Adding a Second Dog to the Family

January 11, 2012  

Dogs can be the ultimate furry friends, but finding the right match is key

By Jessica Wheatcraft, CPDT-KA

(Photos by Melissa Lipani)

Thinking about adding another dog to your existing fur family? When done correctly, multiple dog homes can provide additional company, playtime and just plain fun for the current dog, not to mention you! Finding the right match is important to ensure the transition of bringing a new dog into your home is a smooth one.

What is Your Purpose?

One of the first things to consider is the purpose of bringing a second dog into the home. Is it a companion for yourself or the other dog? Is your current dog a senior dog, and you’re looking for a younger one? Or does your current dog simply need a new playmate? Compatibility between your current dog and the one in question comes down to several factors. What is the age difference? Size? Play style? Energy level? Dogs are individuals and some prefer to be around smaller dogs, younger dogs, calm dogs, dogs who like to wrestle, etc. Know your dog and be realistic about the impact a second dog can have on him.

Young Dog vs. Senior

Bringing a rambunctious 7-month-old German Shepherd Dog into a home with an 11-year-old Standard Poodle with limited vision and arthritis who doesn’t like to play can be a potential disaster. Senior dogs often have health issues that can cause pain, or their senses are not what they used to be. I have worked with many senior dogs whose vision or hearing is limited, and they are not able to read the body language of the other dogs as well. They also do not use the same body language as they did when they were younger, and this can lead to miscommunication and possible conflicts between the dogs.

A second dog should be respectful and responsive of the current dog’s boundaries and abilities. The dogs don’t need to absolutely love each other, but a general compatibility is certainly helpful if you expect them to coexist peacefully.

There are lots of benefits to having dogs with large age differences: The younger dog has an opportunity to learn important social skills and how to behave appropriately, while the older dog has a companion and someone to keep him busy. Be prepared to offer quiet places for the senior dog to rest when needed, and try to keep the same routine you had before the younger dog arrived.

Second Dog as Playmate

When adding a playmate and/or companion for your current dog, a strong focus should be on the dogs’ actual enjoyment of each other’s company. It is important to know what each dog is like in terms of personality, play style and likes/dislikes. A herding breed that likes to chase other dogs and nip at their legs may not be the best choice for a Chihuahua who gets worried about larger dogs. Finding a dog that enjoys a similar play style can ensure that the dogs do not feel threatened or overwhelmed by each other’s behavior.

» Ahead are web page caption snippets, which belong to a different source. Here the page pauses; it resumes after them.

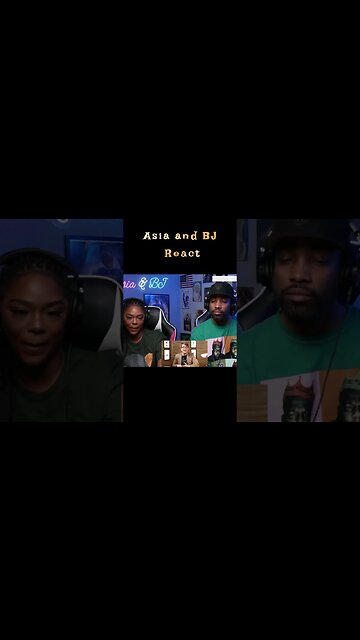 How can humans do that? #shorts #ytshorts | Asia and BJ React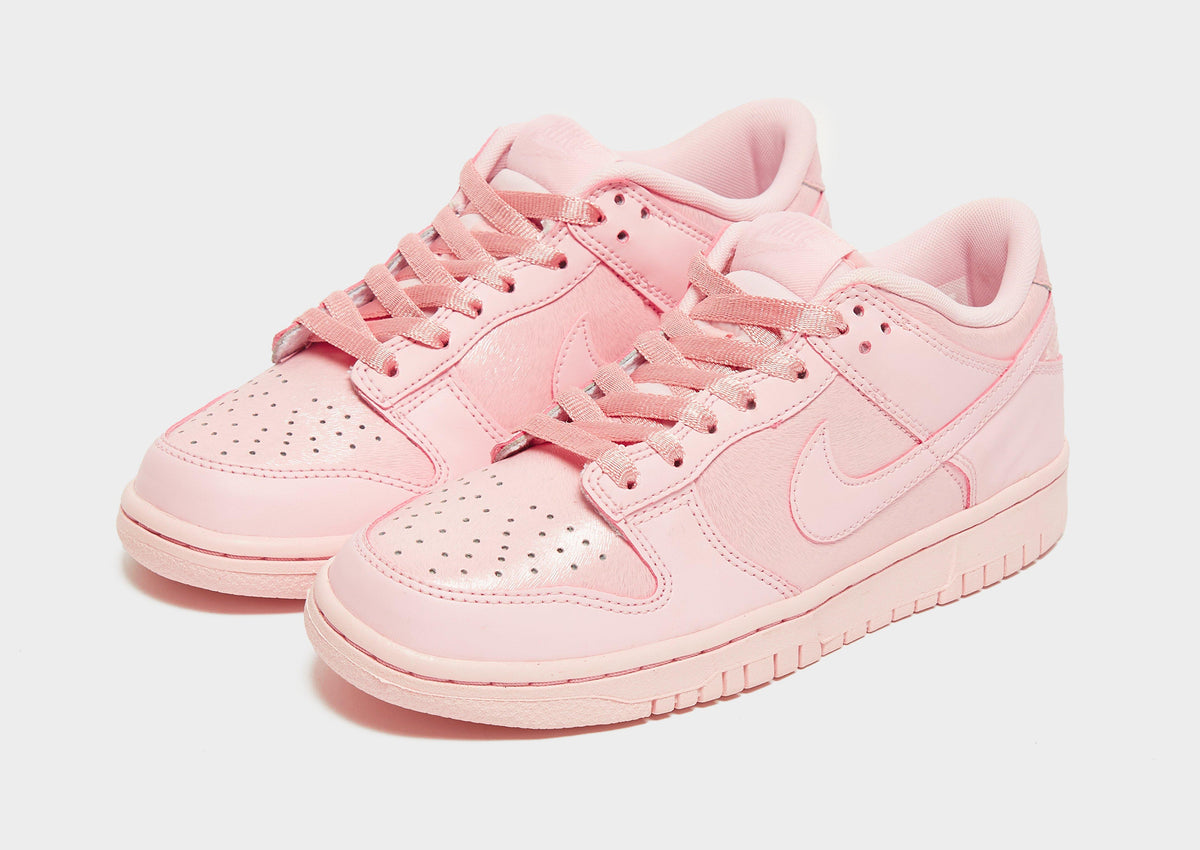 סניקרס Dunk Low Prism Pink | ג'וניורס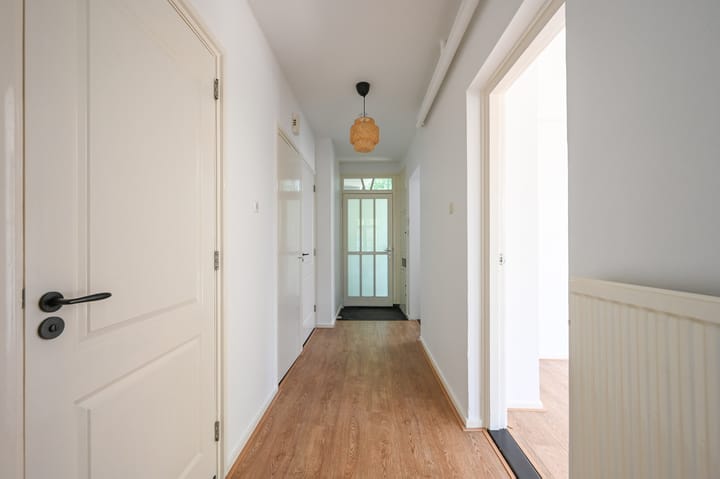 Foto 24 van Lübeckstraat 29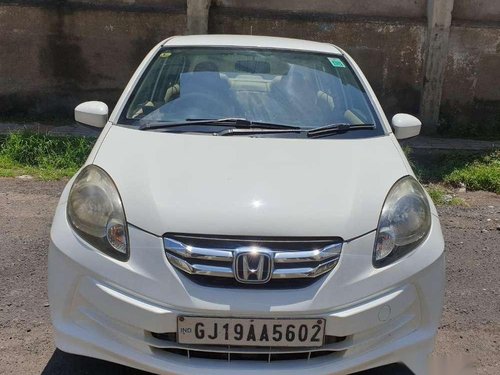 Honda Amaze 1.5 S i-DTEC, 2014, Diesel MT for sale in Surat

Many people will add a puppy to their home with the belief that the puppy will grow up with the current dog, and they will get along just fine. However, puppies go through many developmental stages until they become adults, and it is very common for them to begin to test boundaries as they get older. I have worked with a number of clients in this situation, where the dog was raised as a puppy in the home, but once it became an adult it became less tolerant of the older dog, or vice versa. If you’re not sure how your current dog would do in this situation, I would recommend adding a young adult into the home rather than a puppy. This way you already have a good idea of what the dog is all about.

Other Factors to Consider

Does your current dog have any behavior or obedience issues? For example, a dog that has leash reactivity is already difficult to handle on walks – try doing that with two dogs!

Even if the potential dog doesn’t have the same issues, it is very common for dogs to feed off of each other’s energy and behavior. Consider doing some training and working your dog through his issues first before adding a second dog. If this isn’t possible, it is important to be realistic about the time and effort it can take to bring the dogs on separate walks, manage them during stressful situations, or do training with both dogs.

Another behavior to be mindful of is resource guarding. Do any of the dogs resource guard against food, toys, bones, sleeping areas or people? While this is a normal behavior for dogs, it can pose a problem if you expect to feed the dogs in the same room or leave toys out without supervision. You can help your dogs to enjoy the fun stuff separately by using crates, baby gates or X-pens in your home to keep them safe. Separating dogs is not always negative; in fact, many dogs relish the opportunity for a little space where they can rest peacefully or work on a bone without being bothered. Providing things such as stuffed Kongs, food puzzles, bully sticks and marrow bones (make sure your dog enjoys these items appropriately) are great ways to keep your dogs entertained. Be sure to put these items away before removing any barriers.

Introducing the New Dog

Ideally you will have the opportunity to introduce the two dogs before you make the commitment of adding the new dog to your home. Choosing a neutral place free of distractions, such as other dogs or crowds of people, is a good place to start. Always think safety first and have both dogs on leash and at a far enough distance that they can remain calm.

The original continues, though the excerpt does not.